No dia 5 de março de 2025, Alcina Nhaume, uma costureira de 30 anos, trabalhava em seu ateliê em Maputo, concentrada em um vestido de noiva. O que ela não sabia era que a violência das manifestações pós-eleitorais em Moçambique estava prestes a mudar sua vida para sempre. Uma bala, supostamente disparada pela Unidade de Intervenção Rápida (UIR), atingiu sua mandíbula, desfigurando seu rosto e deixando sua vida em suspenso. “Quando olhei para o espelho, vi meu rosto totalmente desfigurado. Tinha perdido os dentes e o queixo parecia prestes a cair”, relatou Alcina à DW.
Alcina não estava nas ruas protestando. Ela apenas trabalhava, alheia ao caos que tomava conta de Maputo. A crise política e social, desencadeada pelas eleições de outubro de 2024, trouxe confrontos violentos entre manifestantes e forças de segurança. A repressão policial, marcada por uso excessivo de força, resultou em centenas de vítimas, incluindo Alcina. “O que me veio à cabeça foi: meu Deus, o que é isto?”, disse ela, ainda sem entender que fora atingida por uma bala até buscar ajuda e perceber a presença da polícia.
Sem socorro imediato dos agentes da UIR, que ignoraram seus apelos, Alcina dependeu da família para chegar ao Hospital Central de Maputo. Após uma cirurgia de emergência, ela passou um mês sem comer ou falar, enfrentando uma recuperação dolorosa. Hoje, sua maior esperança é conseguir tratamento no exterior para reconstrução facial, mas os custos e a burocracia tornam esse sonho distante.
Boaventura Nhaume, irmão de Alcina, descreve o trauma familiar: “Estamos abalados, chocados, e ainda tentando perceber o que aconteceu. As sequelas estão visíveis, e a ferida é muito grande.” Como costureira, Alcina sustentava a família, mas agora está internada, incapaz de trabalhar. A revolta cresce não só pela violência, mas pelo silêncio das autoridades. “Deveria haver responsabilização ou ao menos uma tentativa de apoio à família”, lamenta Boaventura.
O caso de Alcina gerou indignação em Moçambique. O Centro para Democracia e Direitos Humanos (CDD) apresentou uma queixa contra a polícia, exigindo justiça. A sociedade civil moçambicana, já cansada de episódios de brutalidade, vê na história de Alcina um símbolo da impunidade que alimenta a crise.
As manifestações em Moçambique começaram em outubro de 2024, após a vitória de Daniel Chapo, da Frelimo, nas eleições presidenciais. Acusações de fraude, lideradas pelo opositor Venâncio Mondlane, do partido PODEMOS, levaram milhares às ruas. A resposta do governo foi uma repressão violenta: mais de 361 mortos e 750 baleados, segundo a ONG Decide. A Amnistia Internacional documentou o uso de armas letais, gás lacrimogêneo e balas de borracha contra manifestantes, muitas vezes sem justificativa.

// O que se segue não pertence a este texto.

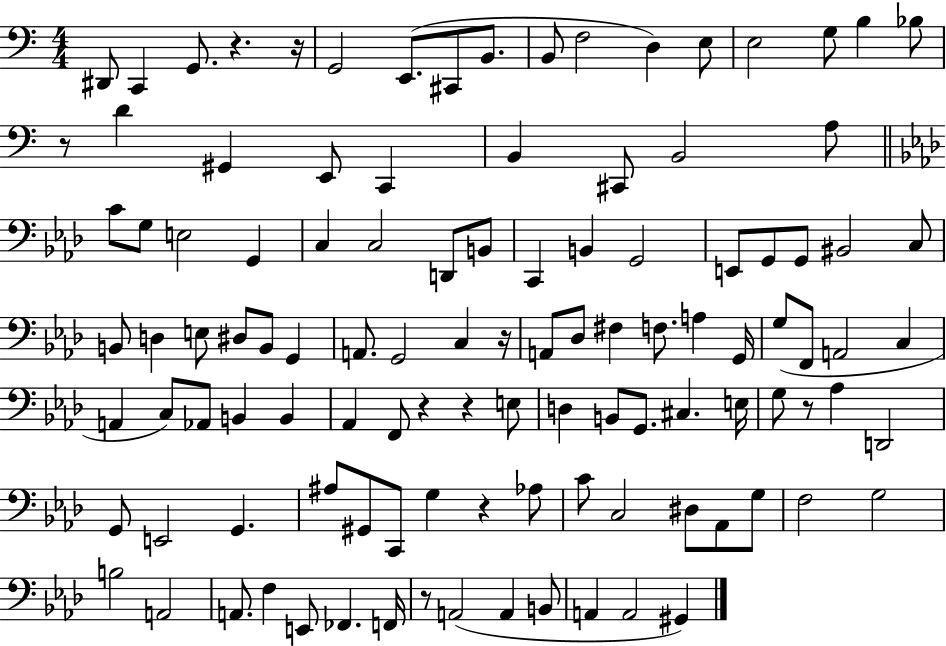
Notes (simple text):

D#2/e C2/q G2/e. R/q. R/s G2/h E2/e. C#2/e B2/e. B2/e F3/h D3/q E3/e E3/h G3/e B3/q Bb3/e R/e D4/q G#2/q E2/e C2/q B2/q C#2/e B2/h A3/e C4/e G3/e E3/h G2/q C3/q C3/h D2/e B2/e C2/q B2/q G2/h E2/e G2/e G2/e BIS2/h C3/e B2/e D3/q E3/e D#3/e B2/e G2/q A2/e. G2/h C3/q R/s A2/e Db3/e F#3/q F3/e. A3/q G2/s G3/e F2/e A2/h C3/q A2/q C3/e Ab2/e B2/q B2/q Ab2/q F2/e R/q R/q E3/e D3/q B2/e G2/e. C#3/q. E3/s G3/e R/e Ab3/q D2/h G2/e E2/h G2/q. A#3/e G#2/e C2/e G3/q R/q Ab3/e C4/e C3/h D#3/e Ab2/e G3/e F3/h G3/h B3/h A2/h A2/e. F3/q E2/e FES2/q. F2/s R/e A2/h A2/q B2/e A2/q A2/h G#2/q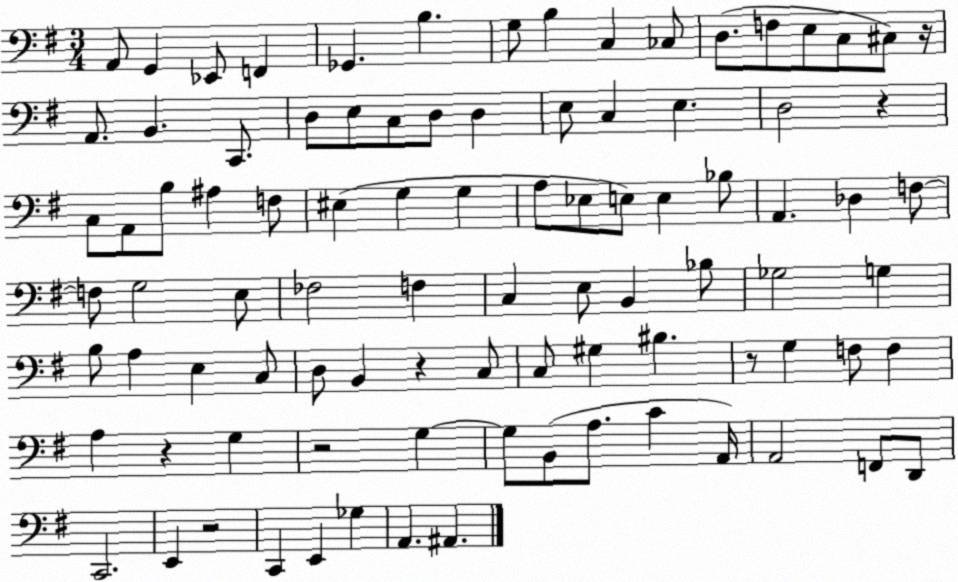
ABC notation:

X:1
T:Untitled
M:3/4
L:1/4
K:G
A,,/2 G,, _E,,/2 F,, _G,, B, G,/2 B, C, _C,/2 D,/2 F,/2 E,/2 C,/2 ^C,/2 z/4 A,,/2 B,, C,,/2 D,/2 E,/2 C,/2 D,/2 D, E,/2 C, E, D,2 z C,/2 A,,/2 B,/2 ^A, F,/2 ^E, G, G, A,/2 _E,/2 E,/2 E, _B,/2 A,, _D, F,/2 F,/2 G,2 E,/2 _F,2 F, C, E,/2 B,, _B,/2 _G,2 G, B,/2 A, E, C,/2 D,/2 B,, z C,/2 C,/2 ^G, ^B, z/2 G, F,/2 F, A, z G, z2 G, G,/2 B,,/2 A,/2 C A,,/4 A,,2 F,,/2 D,,/2 C,,2 E,, z2 C,, E,, _G, A,, ^A,,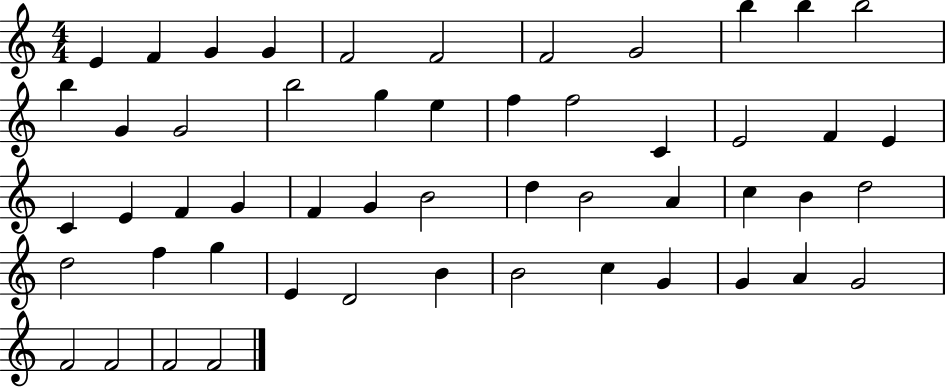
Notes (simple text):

E4/q F4/q G4/q G4/q F4/h F4/h F4/h G4/h B5/q B5/q B5/h B5/q G4/q G4/h B5/h G5/q E5/q F5/q F5/h C4/q E4/h F4/q E4/q C4/q E4/q F4/q G4/q F4/q G4/q B4/h D5/q B4/h A4/q C5/q B4/q D5/h D5/h F5/q G5/q E4/q D4/h B4/q B4/h C5/q G4/q G4/q A4/q G4/h F4/h F4/h F4/h F4/h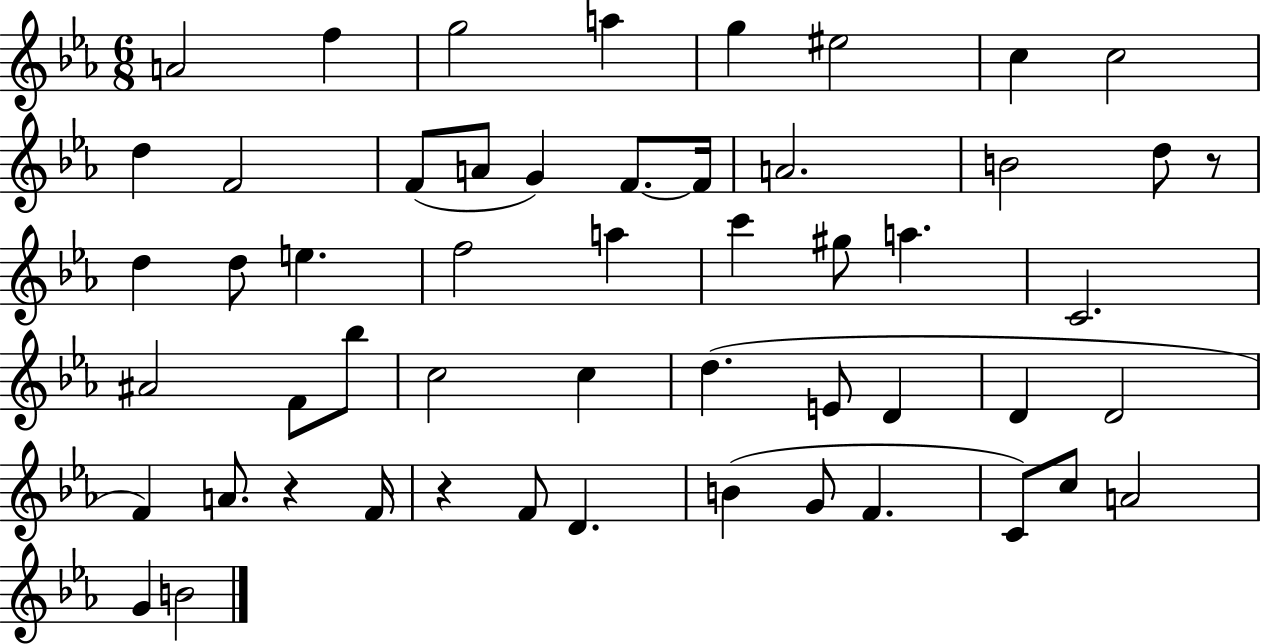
{
  \clef treble
  \numericTimeSignature
  \time 6/8
  \key ees \major
  a'2 f''4 | g''2 a''4 | g''4 eis''2 | c''4 c''2 | \break d''4 f'2 | f'8( a'8 g'4) f'8.~~ f'16 | a'2. | b'2 d''8 r8 | \break d''4 d''8 e''4. | f''2 a''4 | c'''4 gis''8 a''4. | c'2. | \break ais'2 f'8 bes''8 | c''2 c''4 | d''4.( e'8 d'4 | d'4 d'2 | \break f'4) a'8. r4 f'16 | r4 f'8 d'4. | b'4( g'8 f'4. | c'8) c''8 a'2 | \break g'4 b'2 | \bar "|."
}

No mesmo dia em que Alcina foi baleada, o governo assinava um acordo para um “diálogo nacional inclusivo”, uma ironia que expõe a distância entre promessas políticas e a realidade nas ruas. Enquanto líderes discutiam reconciliação, a UIR abria fogo em bairros como Hulene, matando duas crianças e ferindo mais de 15 pessoas.
Em meio à dor, a história de Alcina inspirou vozes como a de Fredy Uamusse, um jovem artista moçambicano cujos desenhos sobre a violência pós-eleitoral viralizaram nas redes sociais. Seus retratos capturam a revolta e a resiliência do povo, transformando tragédias em um chamado por mudança. A “revolução” de Fredy, como ele chama, é um lembrete de que a arte pode ser uma arma poderosa contra a opressão.
Alcina Nhaume não é apenas uma vítima; é um reflexo de um Moçambique em crise, onde a busca por justiça enfrenta a muralha da impunidade. Organizações como a Amnistia Internacional e a ONU exigem investigações transparentes, mas os resultados são lentos. Enquanto isso, Alcina sonha com a reconstrução de seu rosto e de sua vida, mas depende de apoio que ainda não veio.
A história de Alcina é um apelo urgente por mudança. Como disse Ferosa Chaúque, ativista de direitos humanos: “Sem diálogo, não há reconciliação, não há responsabilização e muito menos reparação.” Moçambique precisa ouvir suas vítimas e enfrentar as feridas abertas pela violência. Só assim poderá construir um futuro mais justo.